Looking for Lead in all the wrong places?
An examination of the Environmental Protection Agency's
Integrated Exposure Uptake Biokinetic Model
using Rhode Island case data.

Cassandra Stubbs

Lead poisoning effects one out of every six children in the country. Recently, attention has been devoted to the effects of lead on increasingly lower levels of exposure, heightening the sense of importance of the issue. Additionally, the multiple pathways of exposure to lead have become a major focus of interest in an effort to explain the major mechanisms that children are poisoned. In 1994 the Environmental Protection Agency (EPA) released the Integrated Exposure Uptake Biokinetic Model for Lead in Children (IEUBK Model), a computer model intended to predict blood lead levels for children 6 months to 7 seven years using exposure and intake data. The model is important because it allows the scientific and regulatory communities the capability to determine levels of lead in the soil, dust, water, or air that would likely lead to blood lead levels. Although the Model was released in 1994, the Model has not been validated with field studies.

For my senior thesis, I applied Rhode Island case data to the Model to compare children's actual blood lead levels with levels predicted by the Model. All children included in the project had received home environmental lead inspections by the Rhode Island Department of Health because they had blood lead levels equal to or above 25 mg/dl. As part of the inspection process, water, dust, and soil samples are gathered and analyzed for lead concentrations. I matched the environmental lead concentration data with the children's blood lead level data and regional lead in air concentrations for input into the model. In addition to applying the case data to the model, I analyzed exposure data, blood lead data, and demographic data using regression analysis.
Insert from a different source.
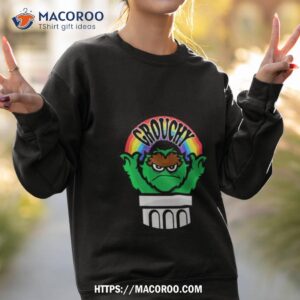 grouchy grouch trashed rain bow shirt sweatshirt 2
Comparisons of children's actual blood lead levels with the blood lead levels predicted by the IEUBK Model found that the model underpredicted children's blood lead levels for 82% of the cases. For over half the children, the model predicted a blood lead level 20 mg/dl lower than their actual blood lead level (the definition for blood lead poisoning is 10 mg/dl). The analysis of the IEUBK Model suggests the need for further investigation of the model's ability to predict blood lead level's accurately for case data. Regression analysis of the data included in the model as well as data about the children's race and gender found that no variables correlated strongly with higher blood lead levels, although a weak correlation was found between gender and blood lead levels. The primary explanation for not finding stronger associations is the lack of a control group (children with low blood lead levels) and the individual variability among lead poisoned children.